EXERCISE: Below are some entries. Return exactly the lines from the one with "78 Millicent St #UPPER — Photo 9" through the final line, leaving out any pictures.

Recorded data
=== Begin Enclosure ===
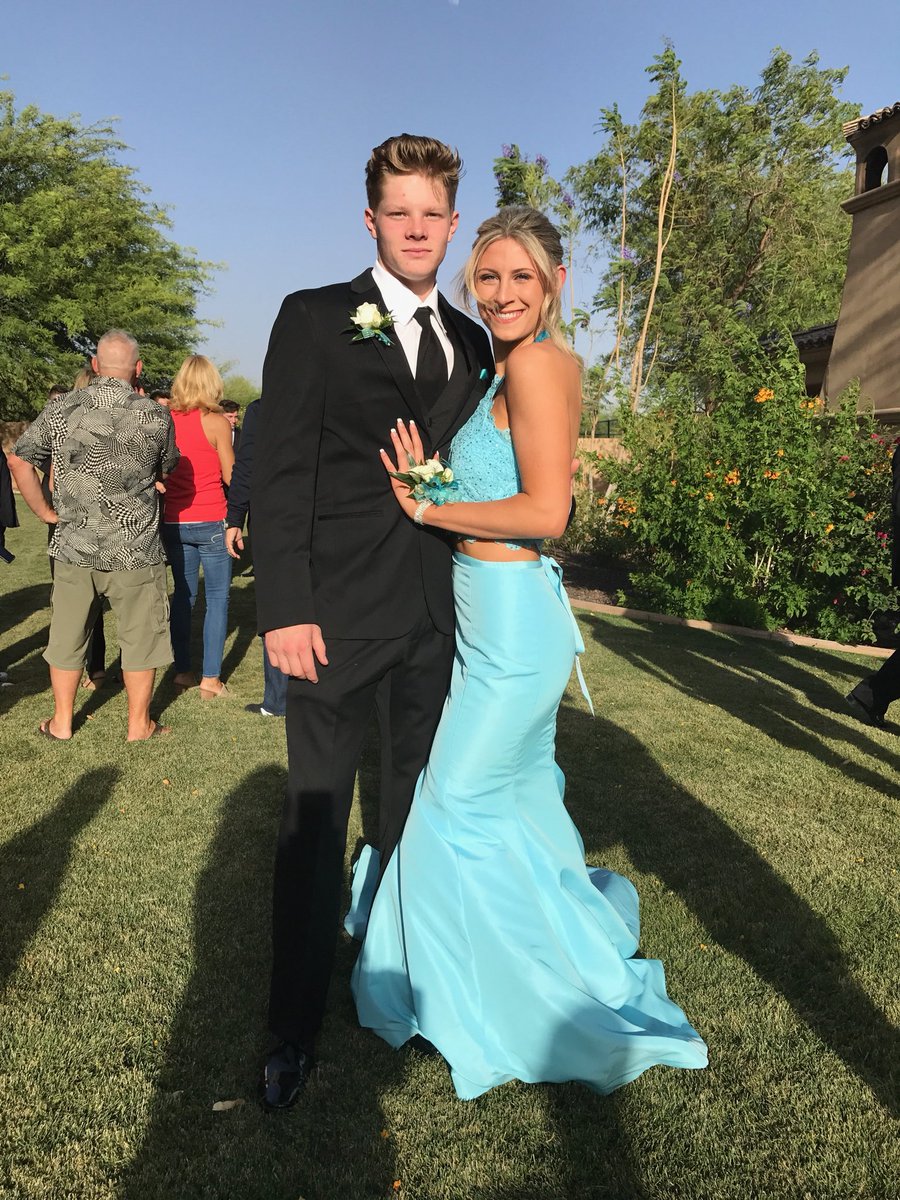 _josh_waker's tweet photo. HAPPY BIRTHDAY to my Queen👑 I can’t imagine what high school would be like without you. I love you, have an amazing day 🌹❤️😘 @calliehigley https://t.co/Mlu1ZOmaq0
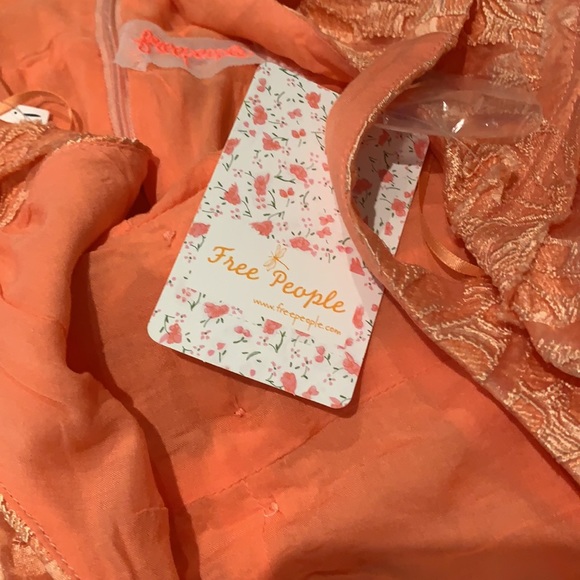 FREE PEOPLE EMBROIDERED MAXI DRESS IN APRICOT STUNNING FULLY LINED SIZE 6 - Picture 13 of 13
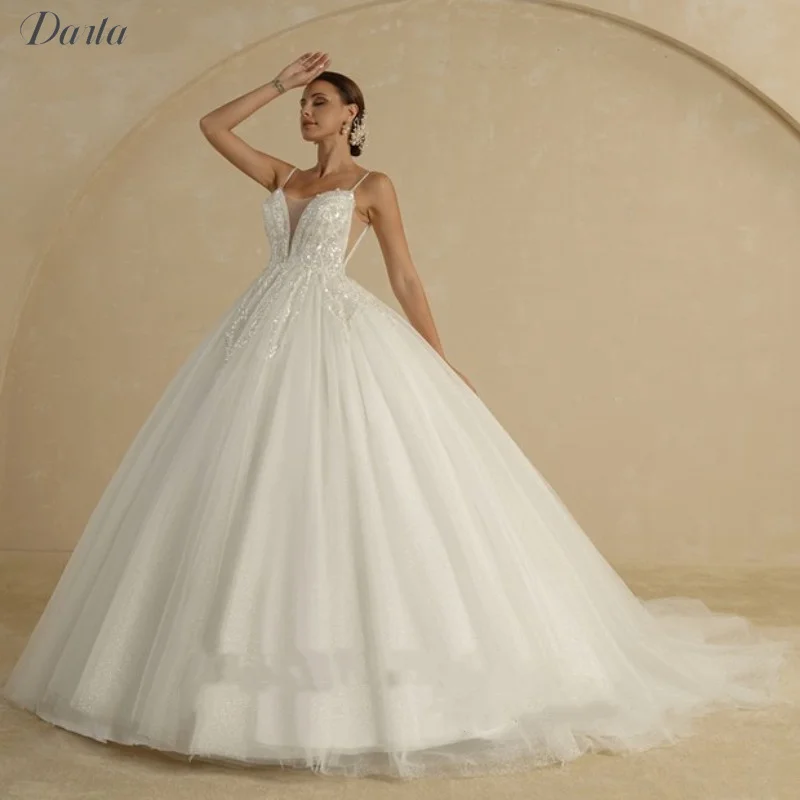 

Luxury Ivory Spaghetti Straps Ball Gown Wedding Dresses For Women V Neck Court Train Glitter Bride Beading Sleeveless 2023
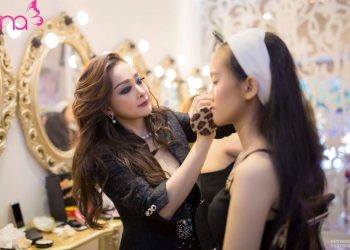 Học Trang điểm Chuyên Nghiệp ở Tp.hồ Chí Minh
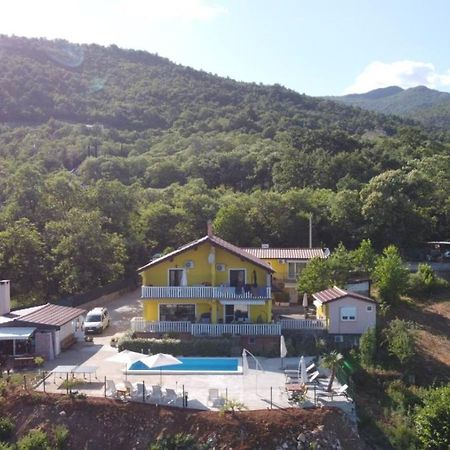 Apartments Nika With Swimming Pool And Beautiful Sea View Dobreć Exterior foto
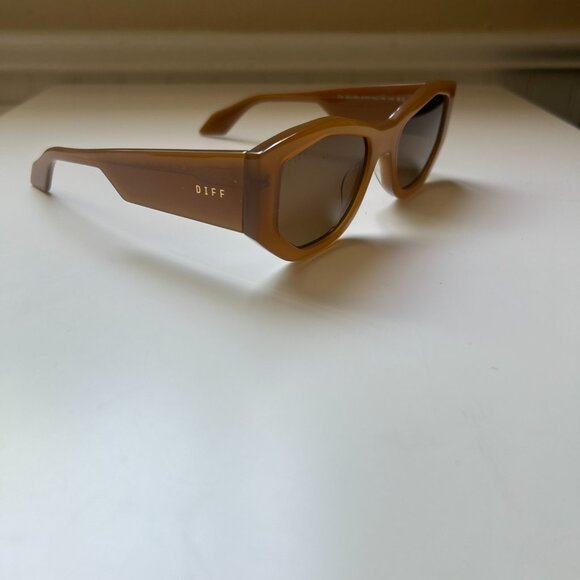 DIFF  Zoe Angular Sunglasses | Brown Frame | Polarized UV400 Brown Lenses | NEW - Picture 3 of 10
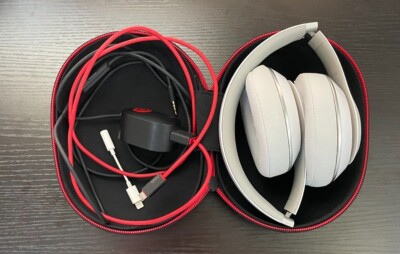 Beats By Dre - STUDIO Headphones - Over Ear - WIRED- White/Red - SOUND AMAZING-image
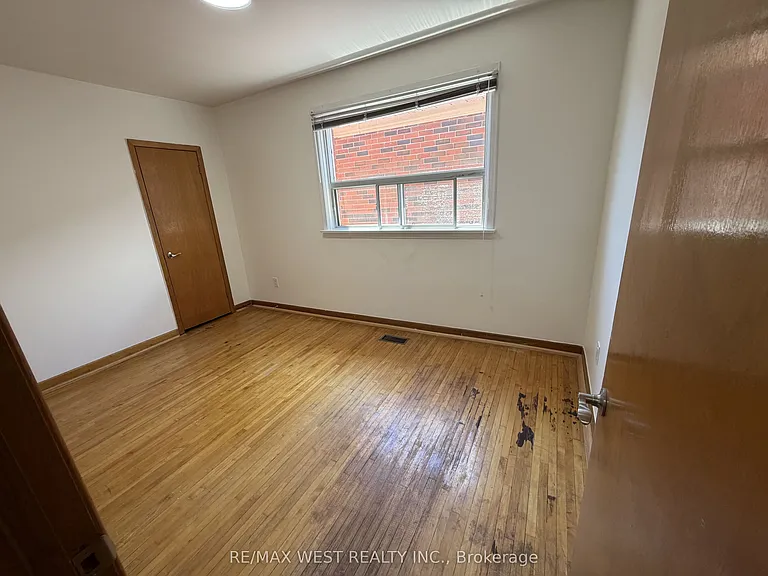 78 Millicent St #UPPER — Photo 9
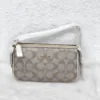 Bolsa De Mano Coach Signature Canvas Color Beige
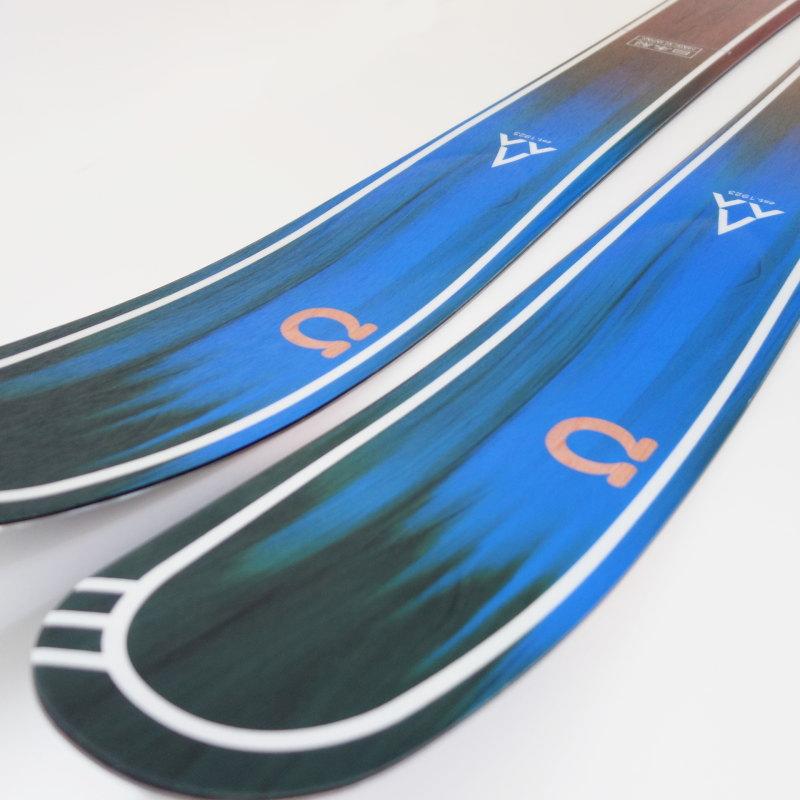 【早期予約商品】BLUEMORIS Ω+ATTACK 11 GW[141cm/センター幅126mm幅] オメガ 25モデル ビンディングセット ショートスキー ファンスキー スキーボード｜off-1｜02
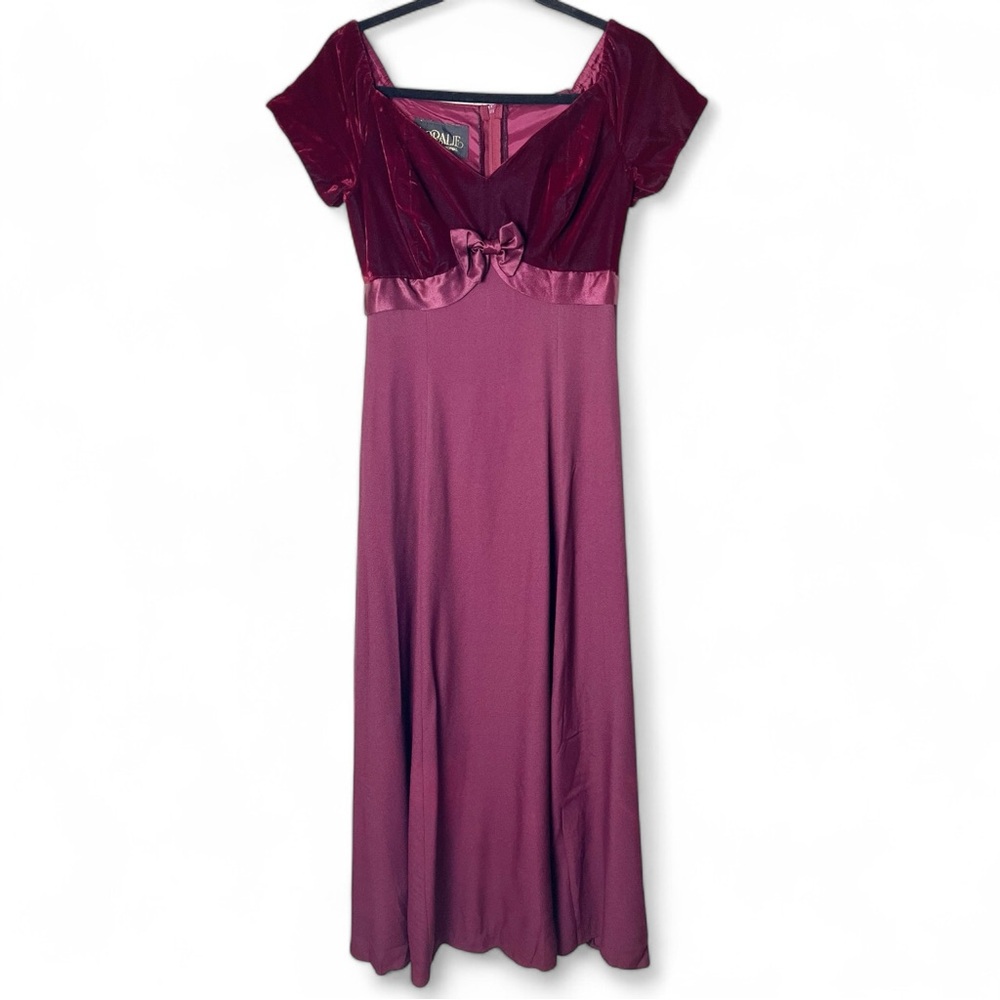 Loralie  - Women's Vintage Velvet Maxi Dress Burgundy 90s‎ Holiday - Sz. 10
=== End Enclosure ===
THE ANSWER:
 78 Millicent St #UPPER — Photo 9
 Bolsa De Mano Coach Signature Canvas Color Beige
 【早期予約商品】BLUEMORIS Ω+ATTACK 11 GW[141cm/センター幅126mm幅] オメガ 25モデル ビンディングセット ショートスキー ファンスキー スキーボード｜off-1｜02
 Loralie  - Women's Vintage Velvet Maxi Dress Burgundy 90s‎ Holiday - Sz. 10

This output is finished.